第47話:『山村の惨状、山頂に参上』
毎日18時投稿!・・・予定です(なるべくがんばります)
翌日、一行はサンドラの街を北に進み、森を目指す。森の入り口付近の木が無くなり、街道のようなものが整備されて始めいた。丁度森国のエルフの警備隊と出会った。しかもセリスだ。これは好都合。
「セリス、すまないが急ぎの用だ。森の西まで送ってほしい。女王には帰りに必ず挨拶すると約束する。うまく伝えておいてくれ」
セリスはは即座に了承し、道を準備する。そして次の瞬間――。視界が揺れたかと思うと、彼らは一瞬で森の西の境界に車ごと移動していた。
「なっ……!? 一瞬で……!」ガルザーは目を剥く。
森を抜けた後は山岳地帯を越える。
本来なら森を突っ切っても一月程度はかかるはずの行程――。だが彼らは、たった二十日で竜国の国境へ到着してしまった。
「……こんなにも早く……アクス殿、礼を言う。貴殿がいなければ到底間に合わなかっただろう」ガルザーは感嘆し、深く頭を下げた。
「いやいや、俺は特に何もしてないですよ。エルフ様のおかげですから、ってな」当のアクスは、例によって手をひらひらさせて答える。
(またか……)と、ガルザーは心中で苦笑した。
竜国の外れにあるガルザーの生まれ故郷――かつては緑と活気に溢れた竜人の村は、熾焔の焼け跡をいまだ深く刻んでいた。黒ずんだ焦土の上に、骨組みだけが残った家屋が並ぶ。半ば炭と化した梁の間に仮設の布が張られ、そこが家族を失った者たちの寝床になっている。
広場の一角では、女竜人たちが大釜で粥を煮、重傷者に匙を運んでいた。呻き声が風に混じり、誰もが顔を伏せている。襲撃から二十日以上経っても、痛みは癒えていなかった。

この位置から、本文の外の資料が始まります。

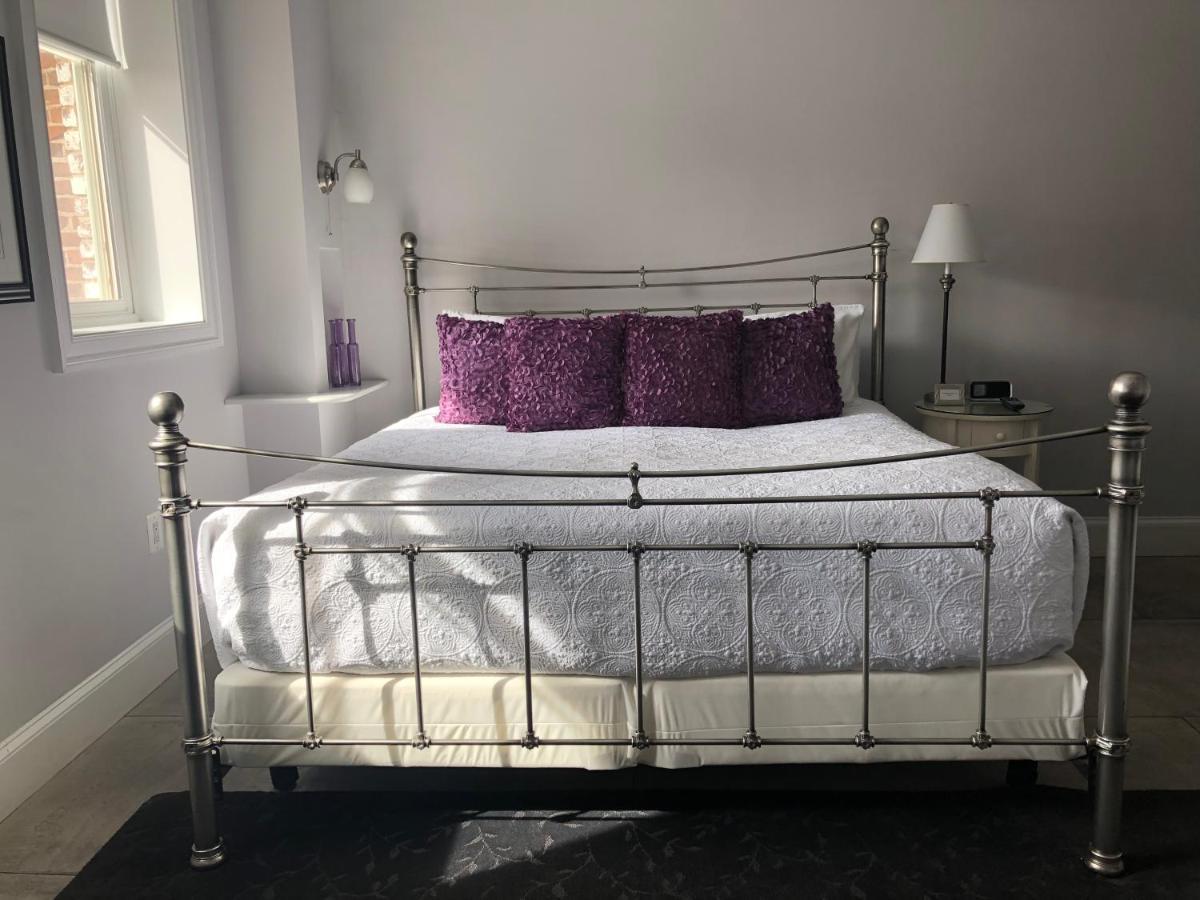 Suites At 249 Кълпепър Екстериор снимка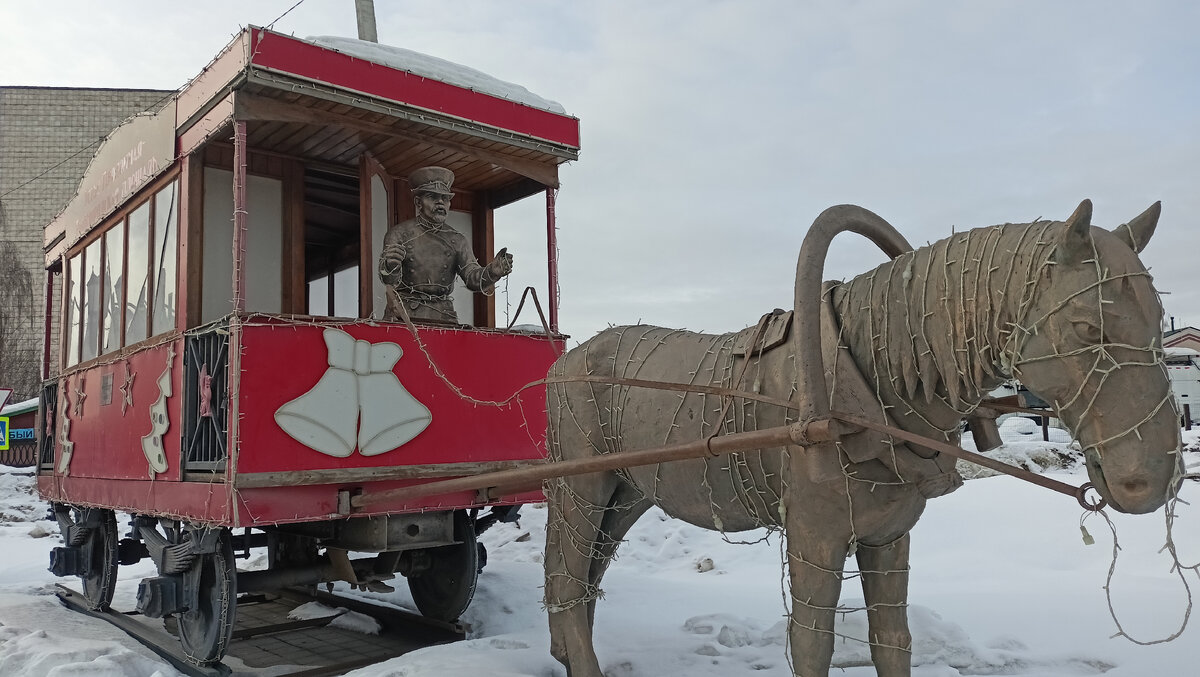 Лошадь Петрушка в новогоднем убранстве, фото архив автора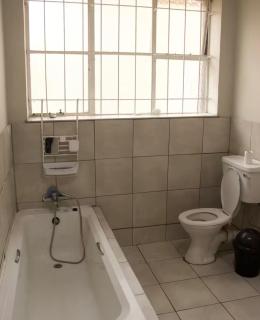 XL Private room in apartment - 4
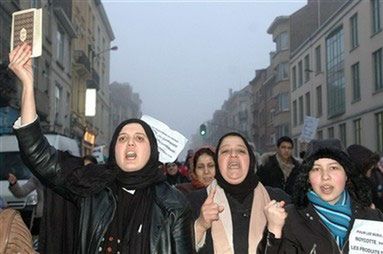 Protesty przeciwko publikacjom karykatur Mahometa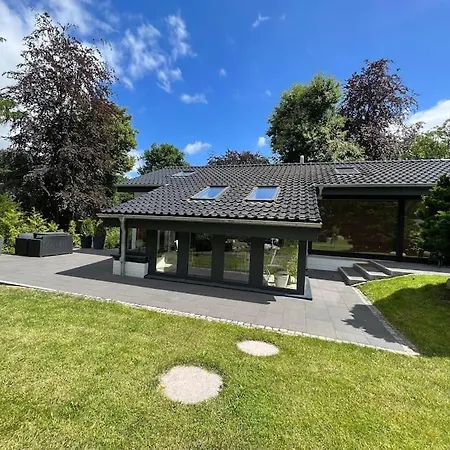 Gemütliches Haus Zwischen Förde Und Golfplatz * Heikendorf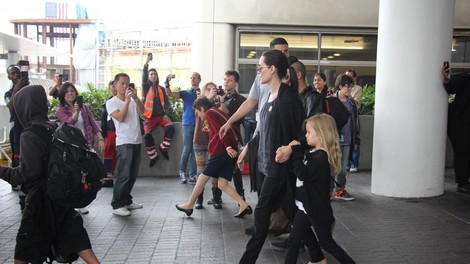 Kaos ob prihodu družine Jolie-Pitt na letališču v Los Angelesu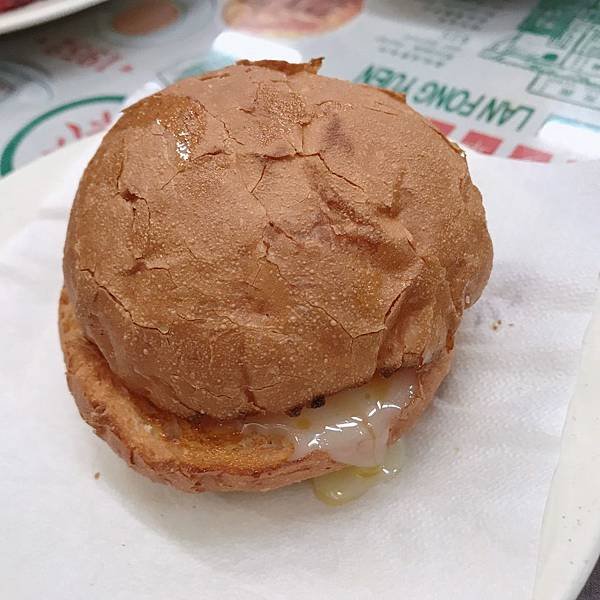 【香港美食】香港上環茶餐廳 / 上環美食。超罪惡又無法抵抗的奶油豬仔包＆奶油西多士搭配香港必吃美食絲襪奶茶+撈丁讓人更堅定「吃飽才有力氣減肥」的道理！－香港蘭芳園信德中心上環店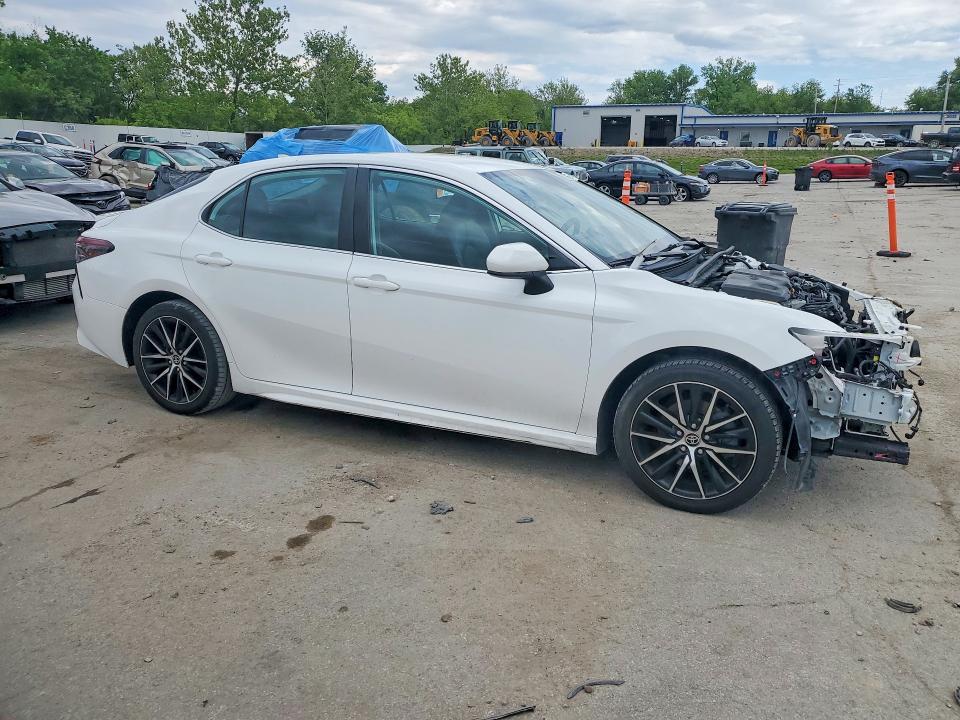 Aukcja sprzedaży 2021 Toyota Camry, vin: 4T1G11AK2MU544737, numer aukcji: 51626416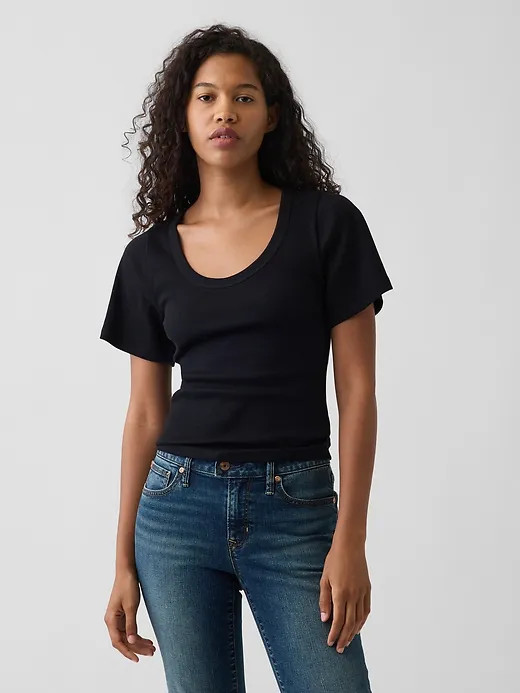 Gap — Rib Scoop T-Shirt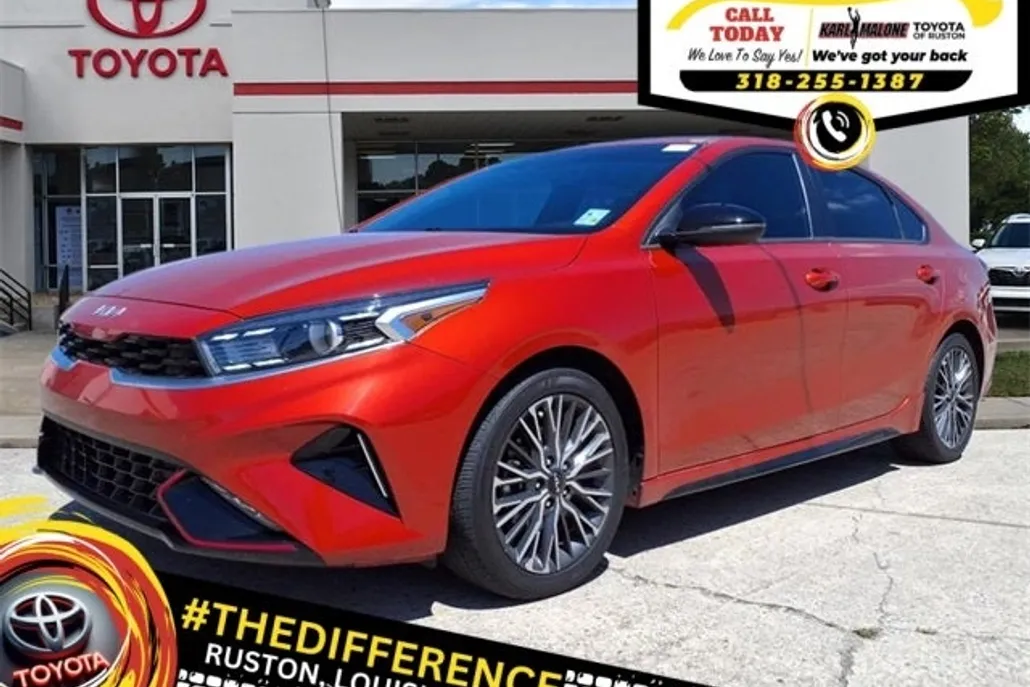 2023 Kia Forte GT-Line photo 1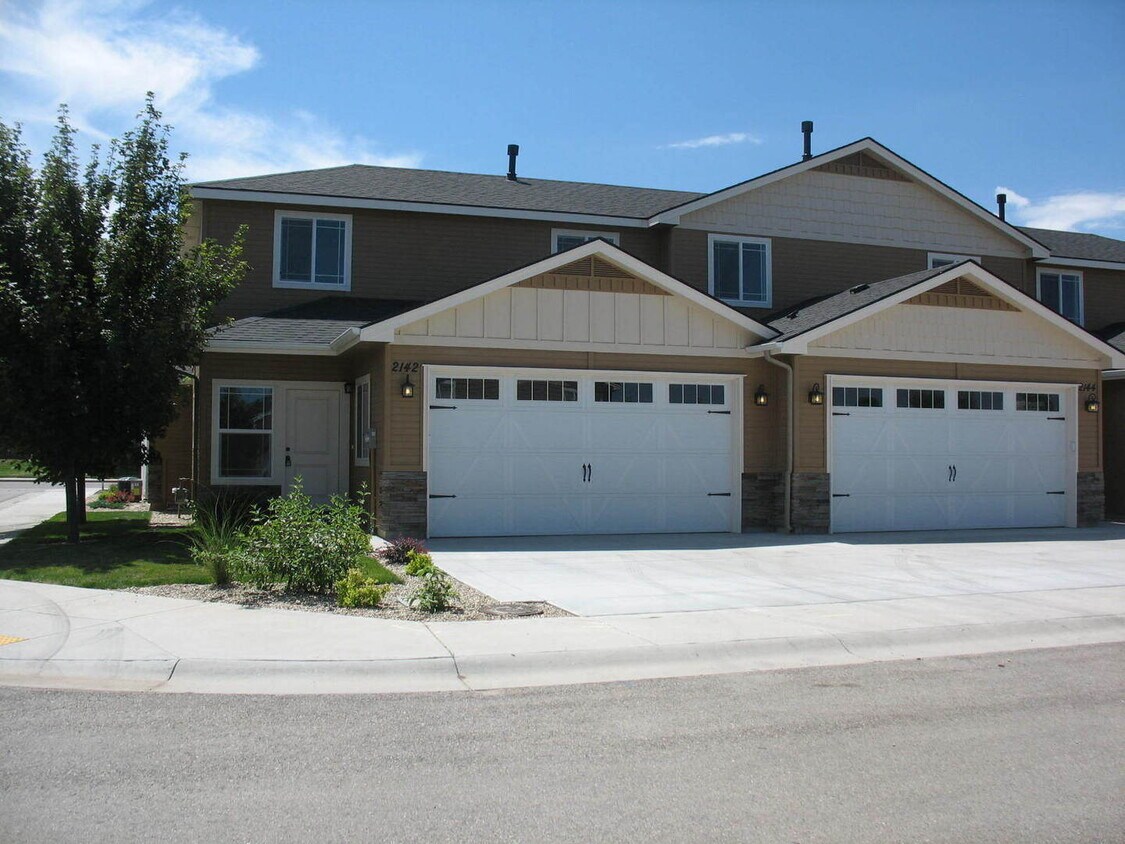 21422142 W Pine Ave, Meridian, ID 83642 Townhome Rentals in Meridian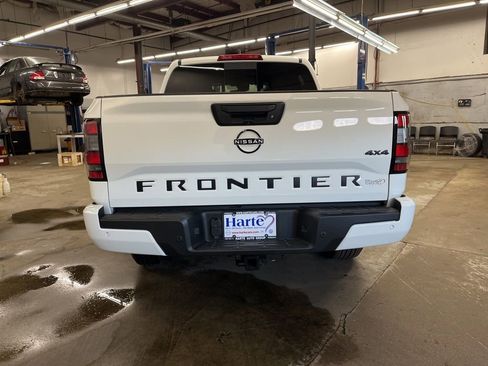 New 2026 Nissan Frontier SV AWD/4WD image 4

村の外れには、並んだ新しい墓標。真新しい石の前に、涙を枯らした母親が黙って腰を下ろしている。ガルザーはその光景を見つめ、拳を固く握った。彼の胸を締め付けるのは、自らが間に合わなかった悔恨ではない。報せを受け、誰よりも早く駆け戻ったはずなのに――村は既にこの有様だったのだ。
「俺が……故郷を離れたりしなければ」
竜国で英雄と呼ばれている男が絞り出す声は、小鳥の囀りよりも弱々しかった。強さを求め、世界を巡った歳月。英雄と呼ばれるに至った誇り。それでも、背を向けていた間に失ったかつての日常は取り戻せない。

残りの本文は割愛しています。